Image-text web data
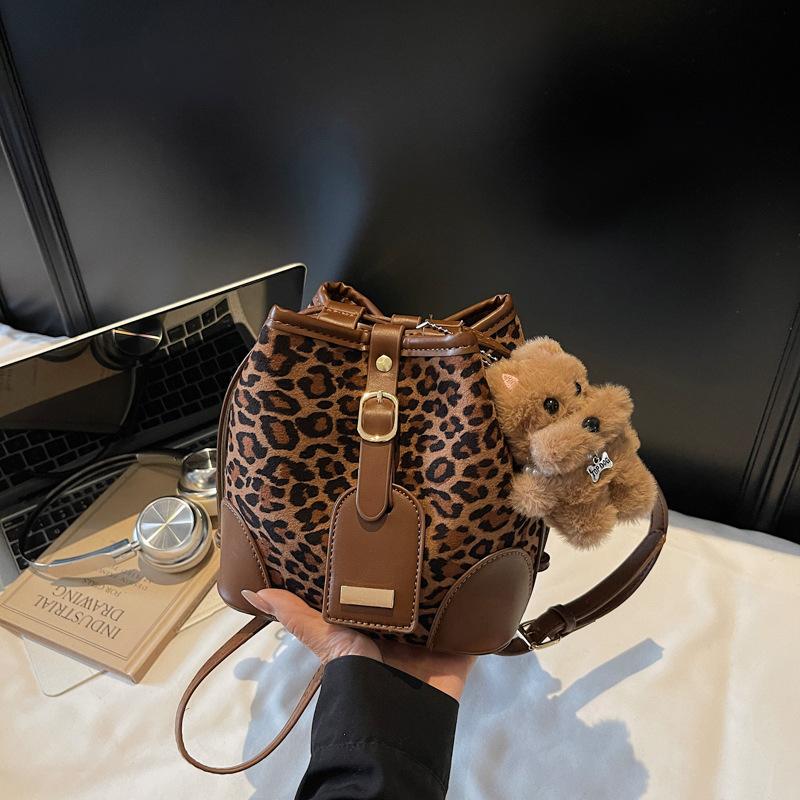 New Leopard Print Bucket Bag Large-capacity Commuter Trendy Women's Bag Oblique Span Bag Fashionable Versatile Shoulder Bag Wholesale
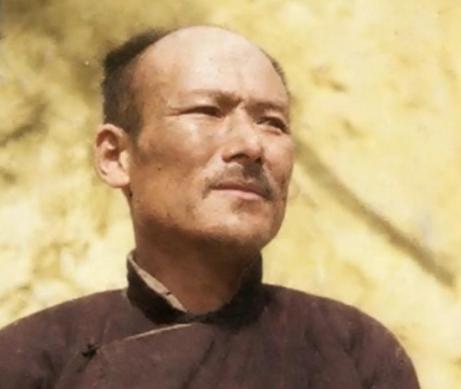 1947年，延安主动撤离。老红军韩继恩因故滞留城中，不幸被俘。面对审讯，他主动交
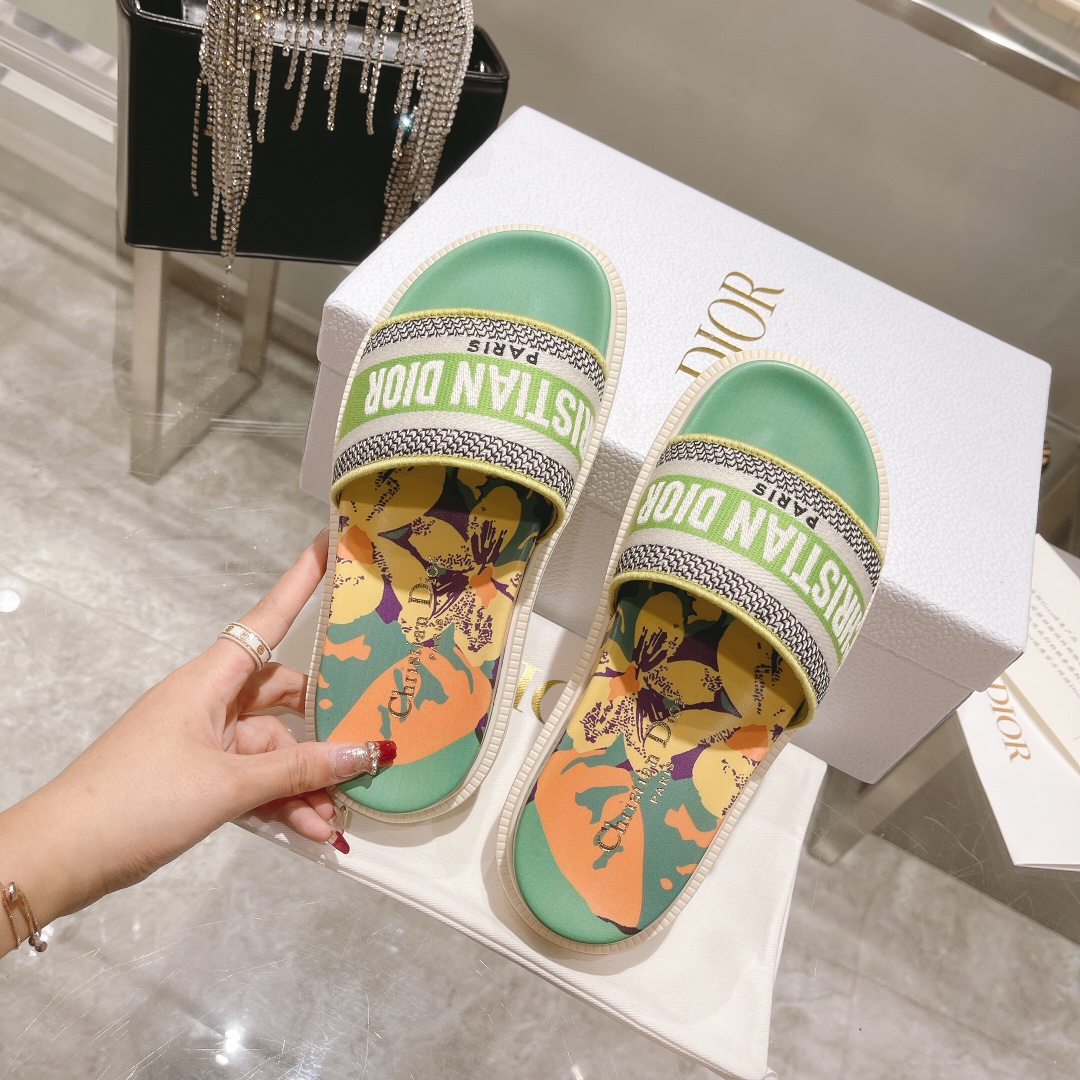 Dior Dway Slide - DopestKickz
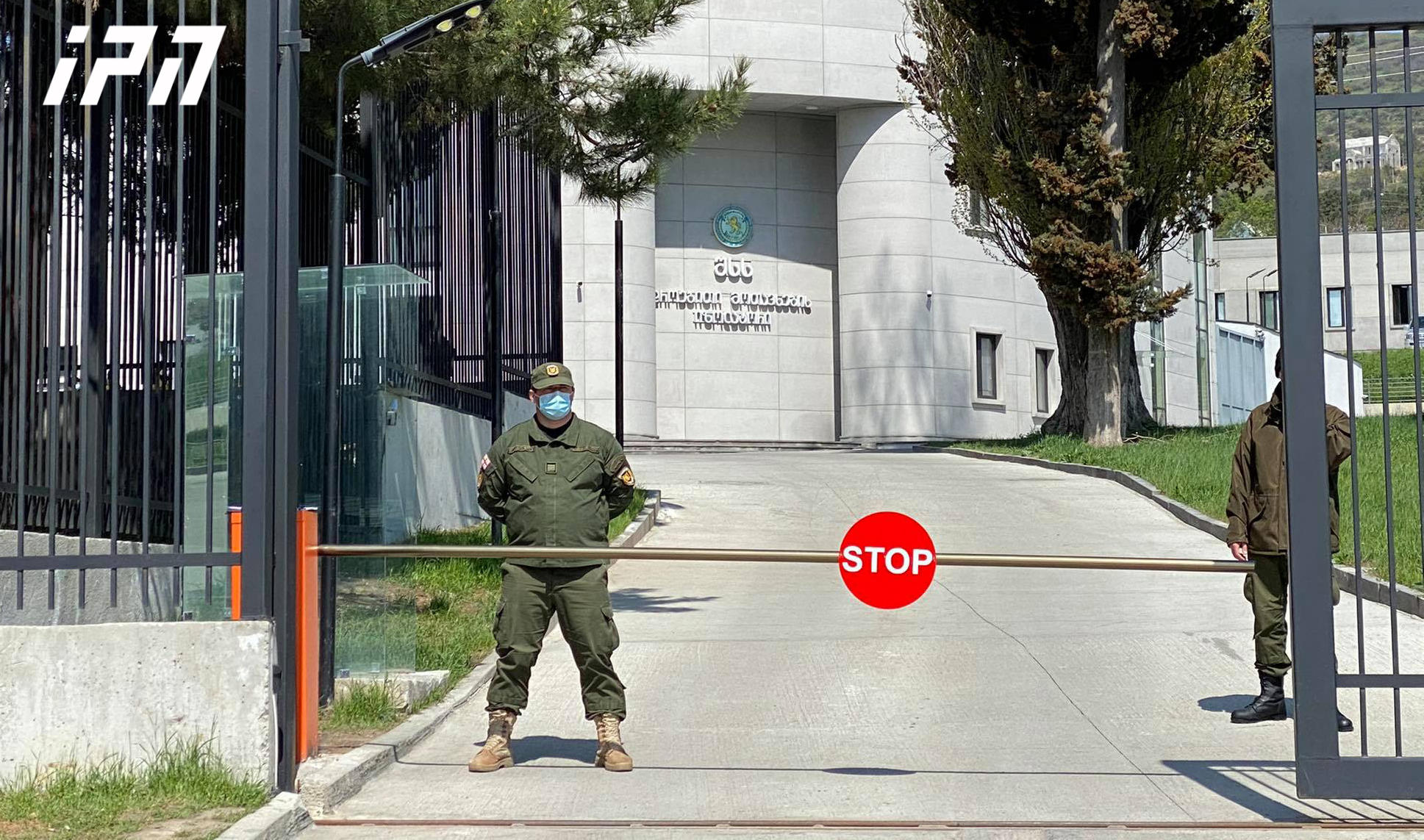 4 ოქტომბერს, თბილისში განვითარებულ მოვლენებთან დაკავშირებით დაკავებულ სამოქალაქო აქტივისტს, ნანა სანდერს ადვოკატები დღეს ზაჰესის დროებითი მოთავსების იზოლატორში მოინახულებენ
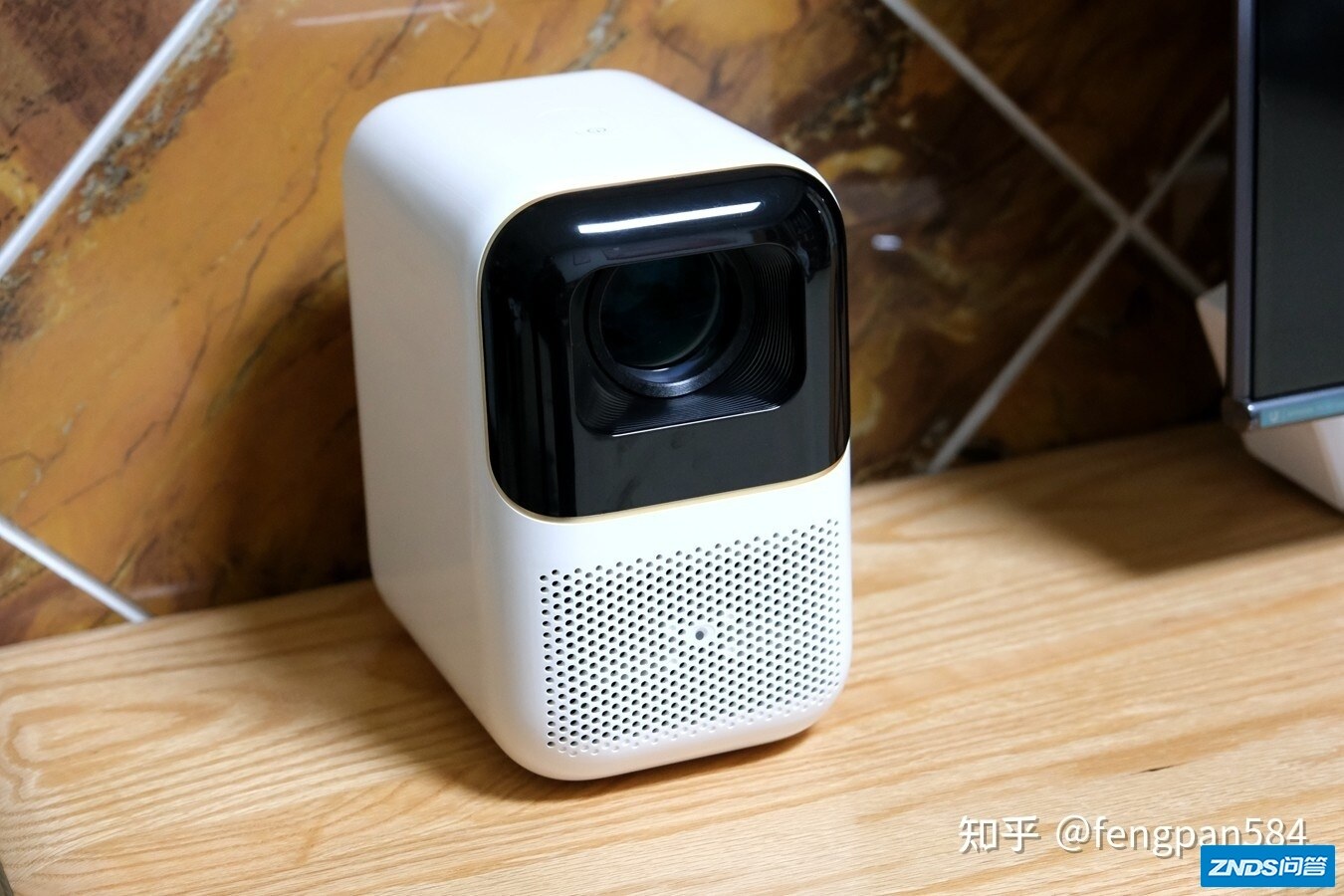 千元家用投影新选择，小明Q1Pro 附天猫小红盒对比体验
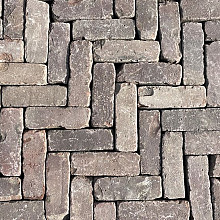 Oude gebakken dikformaten Duisburg (op pallets)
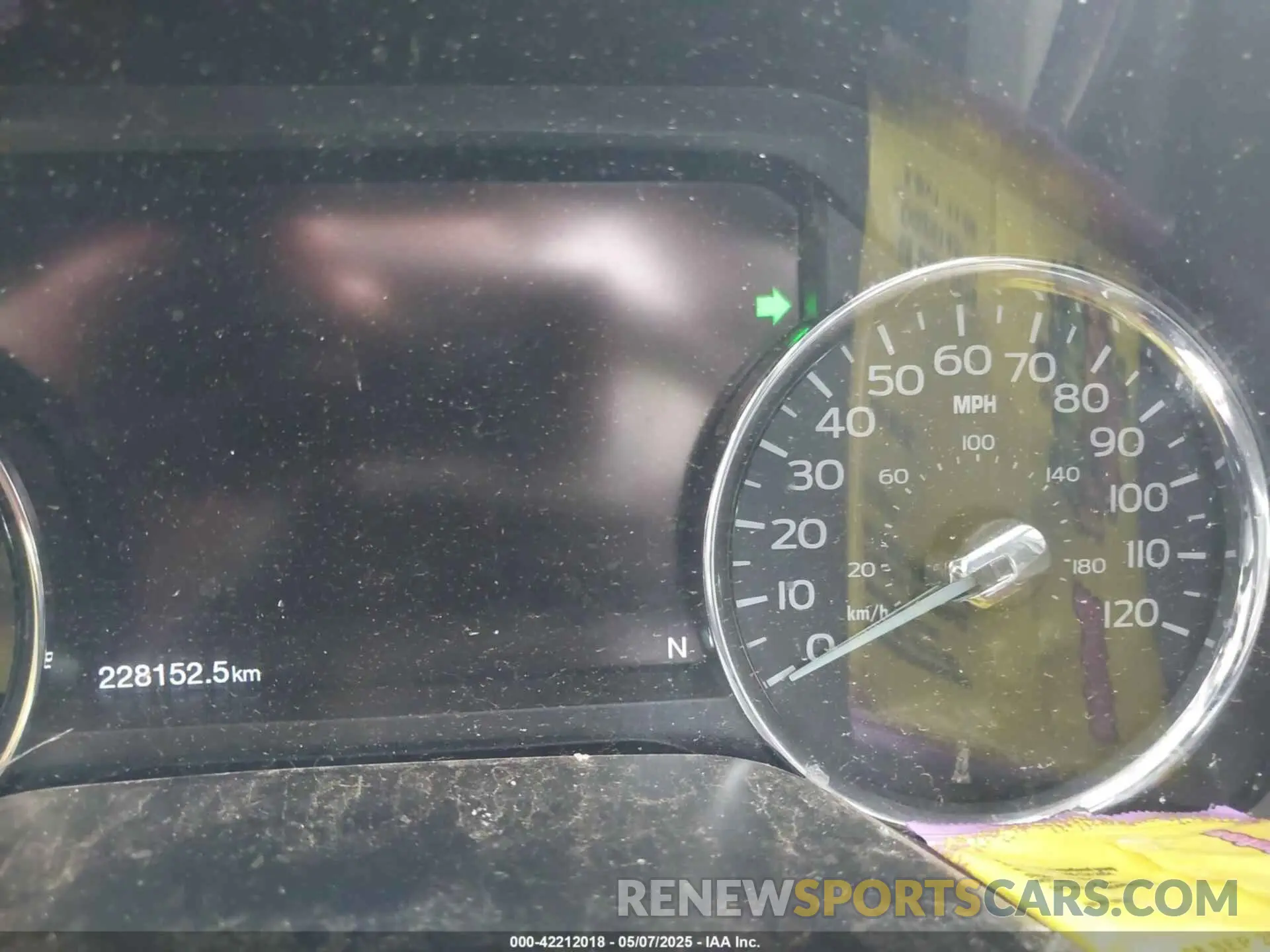 7 Photograph of a damaged car 1FT8W3BT9KEE61844 FORD F-350 2019
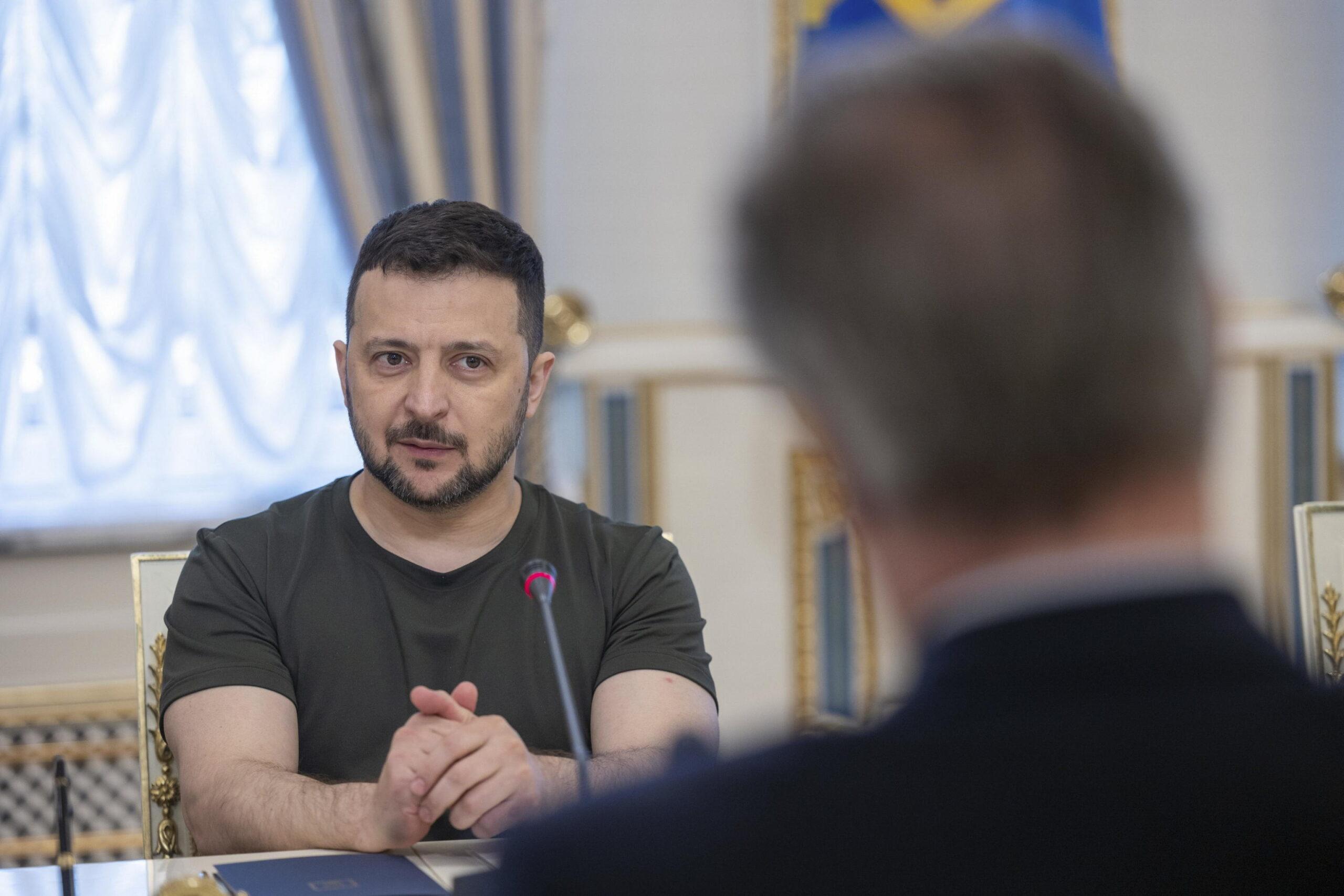 Zelenskyj si congratula con il neoeletto presidente della Macedonia del Nord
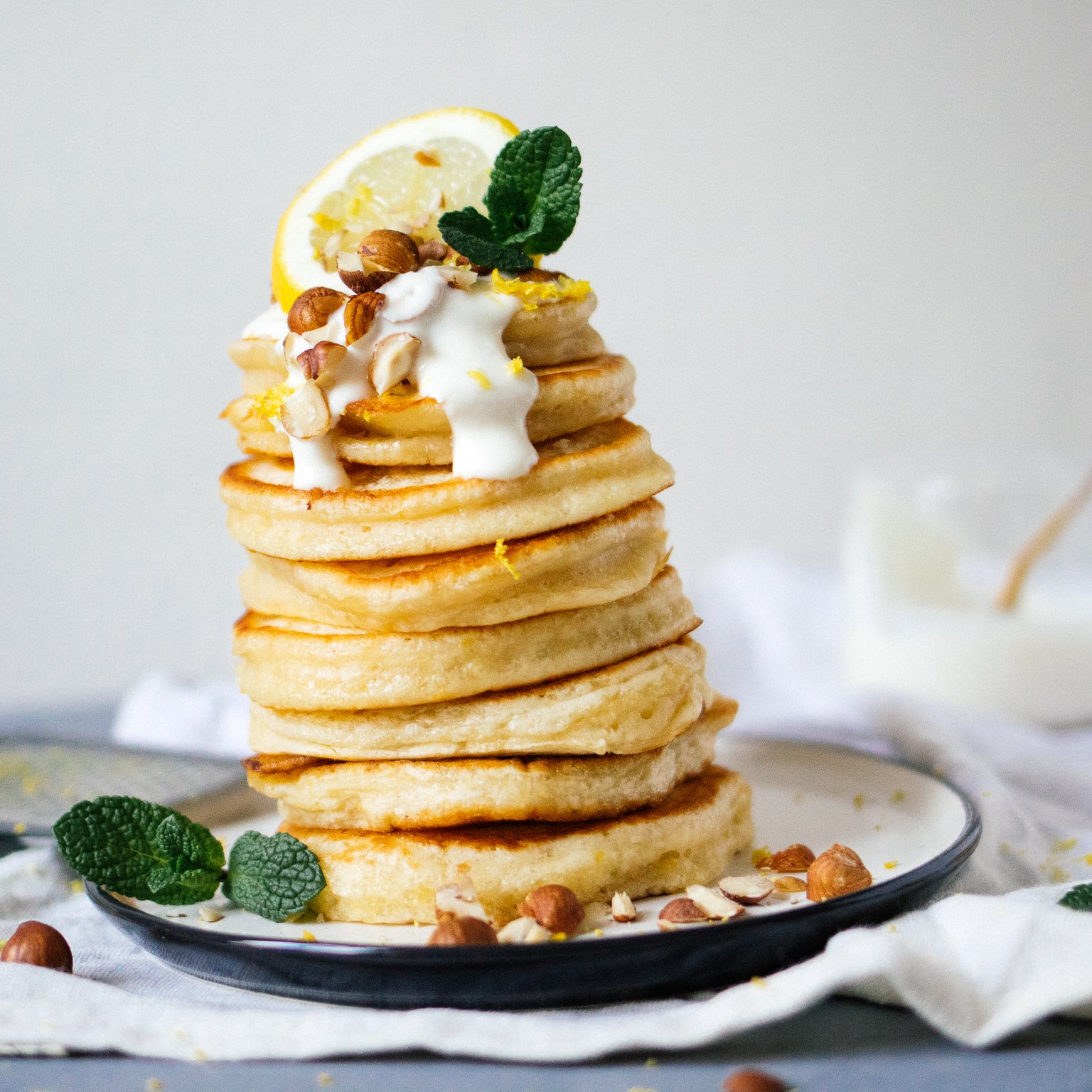 Vegane Pancakes mit Zitrone & pflanzlichem Joghurt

* Directions
Repeat the records word for word. Any picture in them should be left out.

* Written solution
 New Leopard Print Bucket Bag Large-capacity Commuter Trendy Women's Bag Oblique Span Bag Fashionable Versatile Shoulder Bag Wholesale
 1947年，延安主动撤离。老红军韩继恩因故滞留城中，不幸被俘。面对审讯，他主动交
 Dior Dway Slide - DopestKickz
 4 ოქტომბერს, თბილისში განვითარებულ მოვლენებთან დაკავშირებით დაკავებულ სამოქალაქო აქტივისტს, ნანა სანდერს ადვოკატები დღეს ზაჰესის დროებითი მოთავსების იზოლატორში მოინახულებენ
 千元家用投影新选择，小明Q1Pro 附天猫小红盒对比体验
 Oude gebakken dikformaten Duisburg (op pallets)
 7 Photograph of a damaged car 1FT8W3BT9KEE61844 FORD F-350 2019
 Zelenskyj si congratula con il neoeletto presidente della Macedonia del Nord
 Vegane Pancakes mit Zitrone & pflanzlichem Joghurt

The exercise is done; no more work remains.